We found the most vibrantly colored red Swiss chard at the farmer's market that I had ever seen. It was so beautiful, we were compelled to buy it and cook it up to eat that evening with our dinner. Many recipes for chard I read call for removing and discarding the stems. The stems are the most colorful part on chard, so I wanted to incorporate them into the recipe. 
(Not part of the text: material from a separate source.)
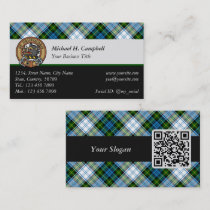 Campbell Crest over Dress Tartan Business Card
I cut off the very ends of the stems where they were split and really fat. Then I sliced up the more tender part of the stems into about a 1/2-inch dice and put them in a pile. I cooked these first and then later added the leaves and it turned out great. The stems were tender and delicious. The color and freshness of this Swiss chard really made us feel like we were getting our vitamins for the day. If you find other colors, feel free to use those as well. Sometimes Swiss chard has white or yellow stems. Chard is bitter, like many greens, so it's great paired with something sweet and/or creamy. I served it with an apple cider and mustard braised beef roast and celery root and apple puree. The below recipe is for a side dish that will serve about four people.

Sauteed red Swiss chard
about 1 tablespoon olive oil
1 large bunch red Swiss chard, stems trimmed and diced and leaves roughly chopped
2 cloves garlic, peeled and thinly sliced
about 2 tablespoons water
sea salt and fresh cracked black pepper, to taste
1-2 tablespoons cider vinegar, to taste

Heat a large, deep skillet over medium heat until hot. Add the stems and stir well. Continue to cook, stirring often, for about 5 minutes. Add the garlic, stir, and cook for about another 1-2 minutes.


Add the water to the pan and give it a good stir. Begin to add the leaves and toss them gently as they begin to wilt. Continue to toss and cook until the leaves wilt down. Add some salt and pepper. Add about 1 tablespoon of vinegar. Stir well and taste. Adjust the seasonings and add more vinegar, if desired. Continue to cook, stirring often, until the leaves and stems are tender and almost all the liquid is absorbed, about 10 minutes. Serve hot.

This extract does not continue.